5.1. Data Stationarity Check

The confirmation of non-stationarity of four time series in winter, spring, summer, and autumn by an ADF test was provided in Table 1. From Table 1, we can see that the ADF statistic value of winter (−12.74450) was less than all critical values of −3.43221, −2.86236, and −2.56720 at 1%, 5%, and 10% respectively. Similarly, it is noticed that all ADF critical values in spring (−12.82992), summer (−12.11340), and autumn (−12.80105) were also smaller than critical values at 1%, 5%, and 10%. This suggested that the null hypothesis could be rejected with a significance level of less than 1%, 5%, and 10%. In another way, it indicated that all four time series in this study were stationary.

5.2. Model Performance

In this section, we described the qualitative and quantitative results for the different neural networks evaluated for maximum temperature prediction. It should be noted that the results listed in all the tables in this section indicate the efficiency of the respective model for the test data and not the training data since the training data had already been used in modeling and not much performance information can be given.

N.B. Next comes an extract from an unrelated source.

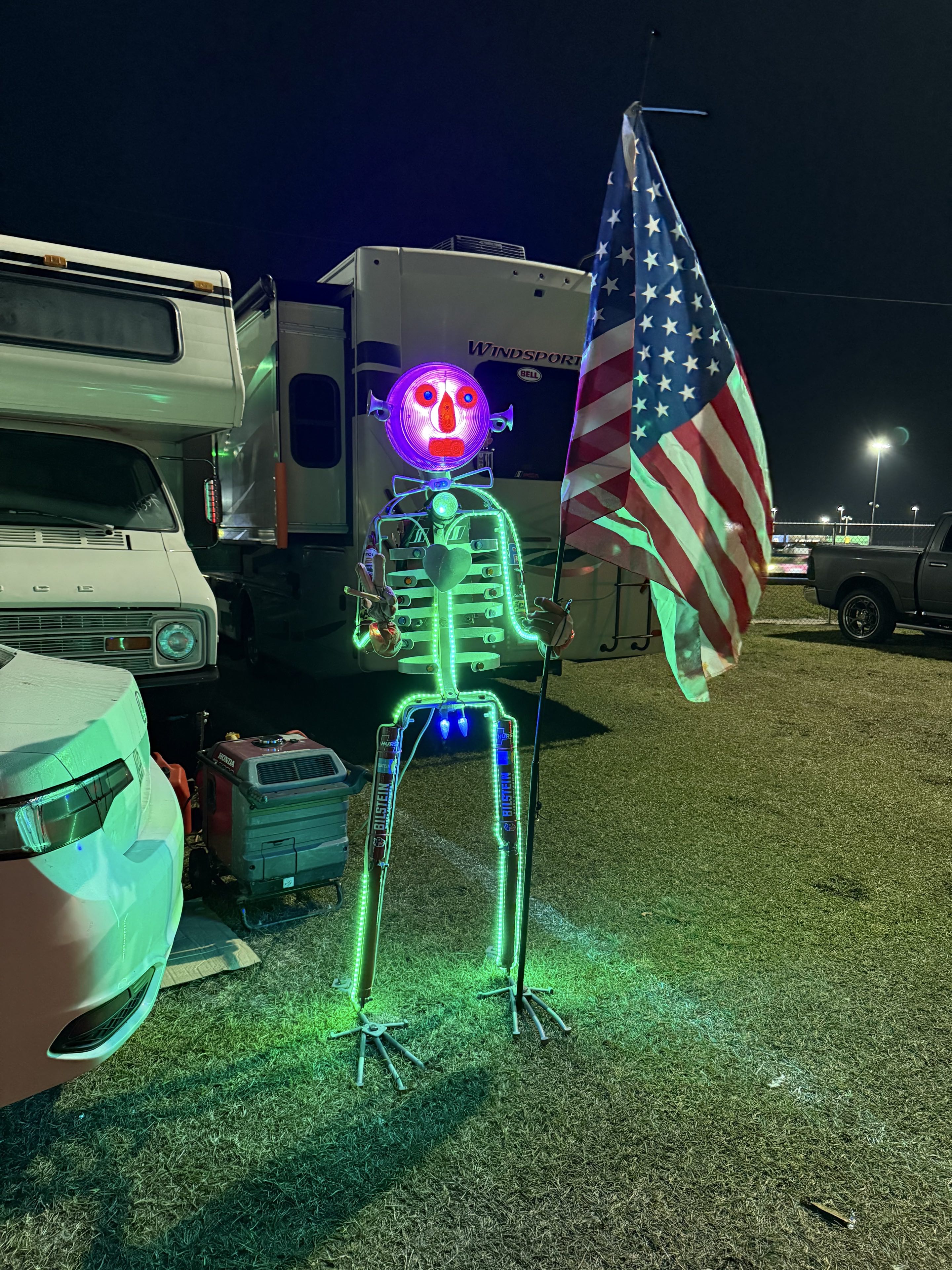 A different strange folk art statue in front of a different car camping site in the nighttime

5.2.1. One-Day-Ahead Prediction

The best performance results for the ANN, RNN, and LSTM models used in this study for winter, spring, autumn, and summer are listed in Table 2, Table 3, Table 4 and Table 5, respectively. Each table presented the values of the hyperparameter in three cases of one, two, and three hidden layers that were optimally selected using the GA. From the results, it could be observed that summer had the lowest values for RMSE compared with winter, spring, and autumn. This can be attributed to the significantly smaller temperature variability in summer than in the other seasons, which was clear from Figure 3. In particular, the temperature range for summer was 20–38 °C, while those of winter, spring, and autumn were (−10)–18 °C, (−2)–35 °C, and 0–34 °C, respectively. Based on the values listed in Table 2, Table 3, Table 4 and Table 5, it is clear that the best results of ANN, RNN, and LSTM for every season were achieved using one-hidden-layer variant. In general, all three types of networks showed comparable performance, with small differences between the networks. The comparable performance explained that the models shown in those tables were trained and selected to their near-optimal values. Specifically, the results in Table 3 and Table 4 indicated that the best LSTM model performed better than the other models in terms of prediction in spring and summer. For spring, the optimal values of RMSE, MAE, and R² were found to be as 3.59 °C, 2.92 °C, and 0.695, respectively using the LSTM model (see Table 3). The best values of statistics for summer were determined and given in Table 4. It can be seen from this table that the best RNN and LSTM model produced quite similar results for RMSE, MAE, and R², which were 2.397 and 2.396, 1.901 and 1.909, 0.273 and 0.273, respectively. The lowest RMSE (2.404), MAE (1.904), and the highest R2 (0.269) of ANN, were also obtained using only one hidden layer. However, the ANN model showed a better result compared with LSTM and RNN in winter with the optimum values of RMSE, MAE, and R² calculated as 2.981, 2.348, and 0.577, respectively (see Table 2).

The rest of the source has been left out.